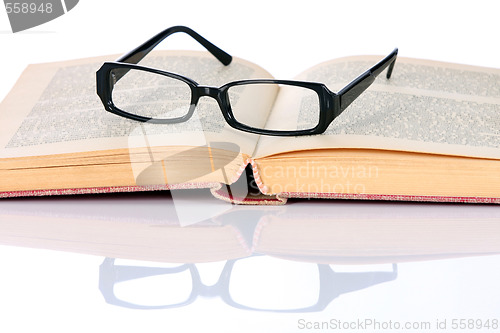 Image of book and eyeglasses 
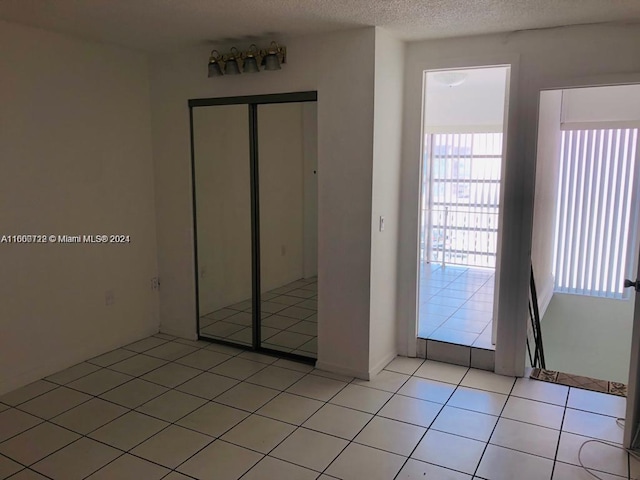 interior space with a textured ceiling, a closet, and light tile patterned floors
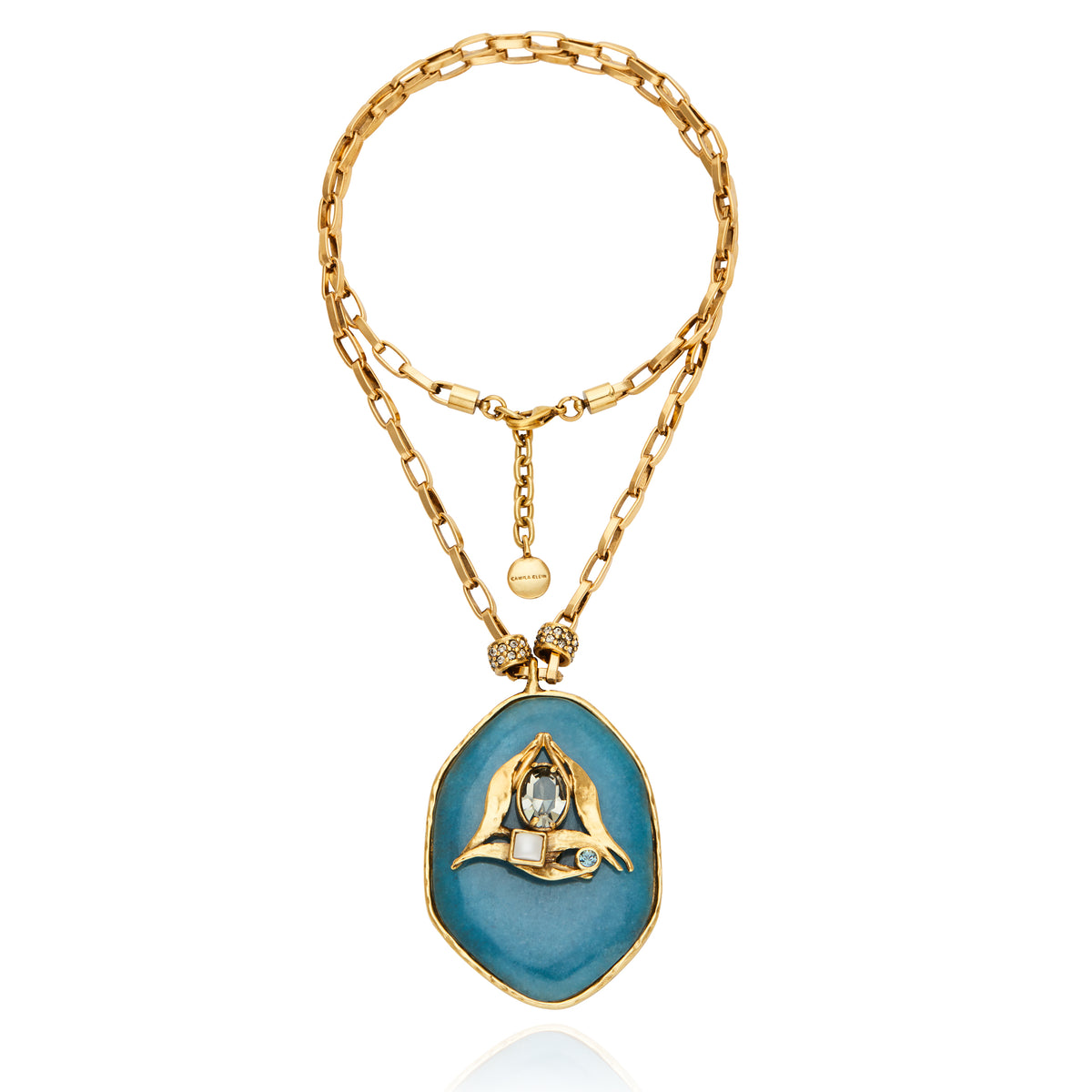 Colar Camila Klein com corrente dourada e pingente oval em pedra natural azul, com detalhe central em metal dourado. A peça combina cores e texturas orgânicas em um design autoral, sofisticado e vibrante, inspirado na leveza do verão. Ideal para compor produções elegantes e cheias de personalidade, valorizando a beleza singular das pedras naturais.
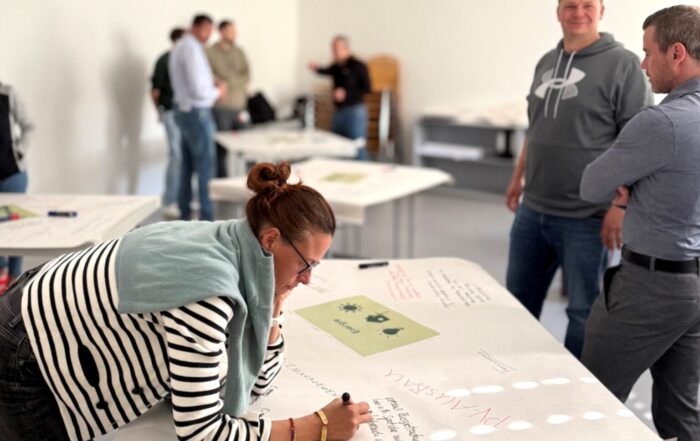 Eine Frau schreibt auf einem großen Blatt Papier auf einem Tisch, während mehrere Personen in einem hellen, modernen Hörsaal der Hochschule Coburg stehen und sich unterhalten. Die kollaborative Atmosphäre spiegelt ihren gemeinsamen Fokus auf Klimaneutralität bis 2040 wider. at Hochschule Coburg
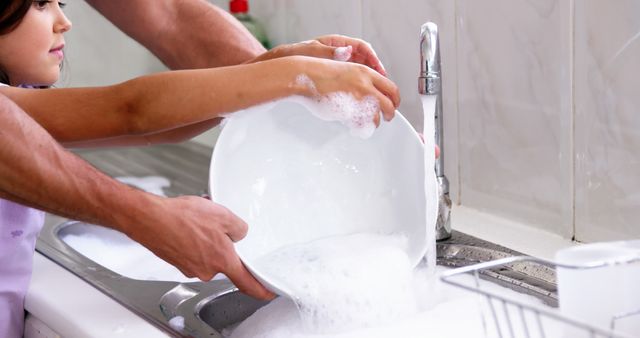 Parent and Child Washing Dishes Together in Kitchen Sink - Download Free Stock Images Pikwizard.com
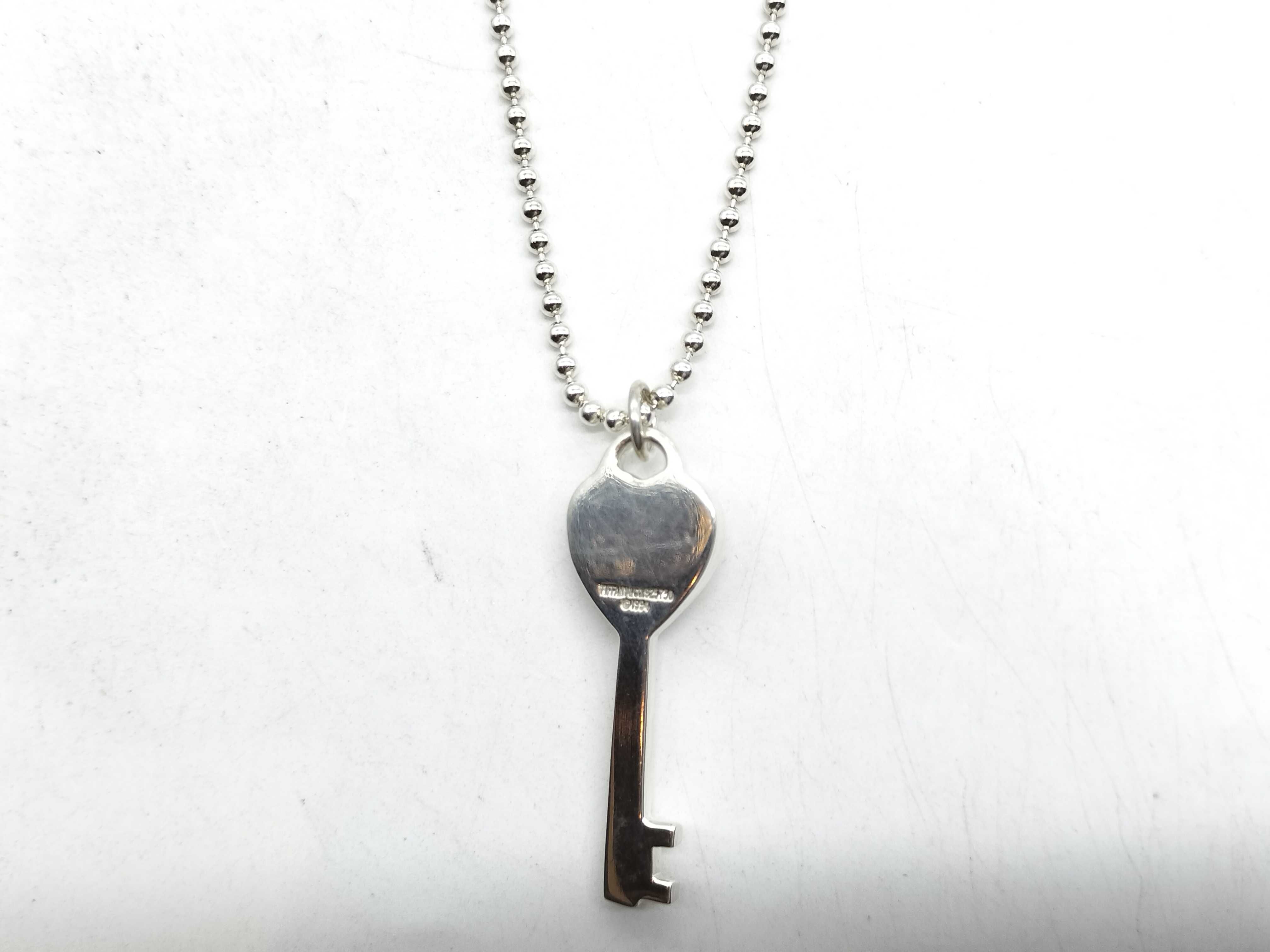 Tiffany & Co. Sterling Silver and 18 Karat Yellow Gold Heart Key Pendant Necklace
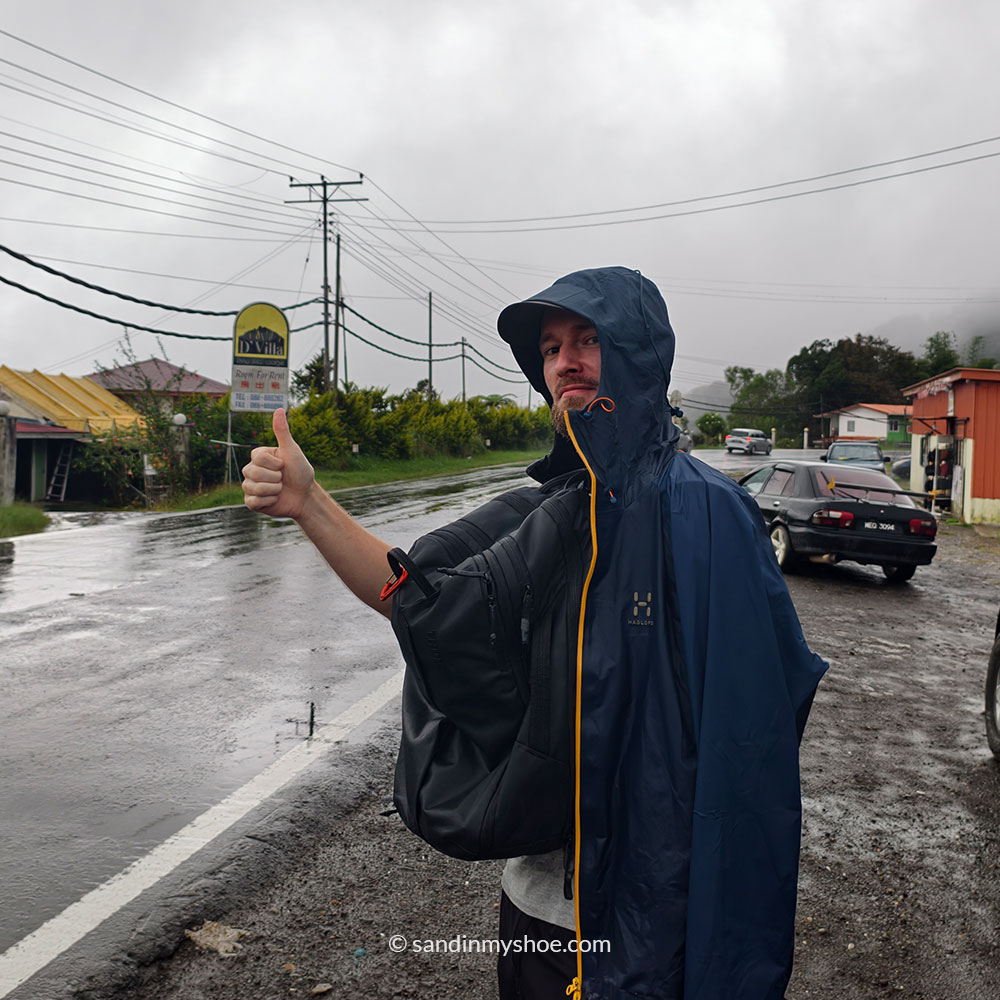 Petteri hitchhiking in Kundsang, Borneo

- - -

# WHAT NEEDS TO BE DONE
With the pictures removed, write the listing out word for word.

# REPLY TO THE EXERCISE
 Image of book and eyeglasses 
 interior space with a textured ceiling, a closet, and light tile patterned floors
 Colar Camila Klein com corrente dourada e pingente oval em pedra natural azul, com detalhe central em metal dourado. A peça combina cores e texturas orgânicas em um design autoral, sofisticado e vibrante, inspirado na leveza do verão. Ideal para compor produções elegantes e cheias de personalidade, valorizando a beleza singular das pedras naturais.
 Eine Frau schreibt auf einem großen Blatt Papier auf einem Tisch, während mehrere Personen in einem hellen, modernen Hörsaal der Hochschule Coburg stehen und sich unterhalten. Die kollaborative Atmosphäre spiegelt ihren gemeinsamen Fokus auf Klimaneutralität bis 2040 wider. at Hochschule Coburg
 Parent and Child Washing Dishes Together in Kitchen Sink - Download Free Stock Images Pikwizard.com
 Tiffany & Co. Sterling Silver and 18 Karat Yellow Gold Heart Key Pendant Necklace
 Petteri hitchhiking in Kundsang, Borneo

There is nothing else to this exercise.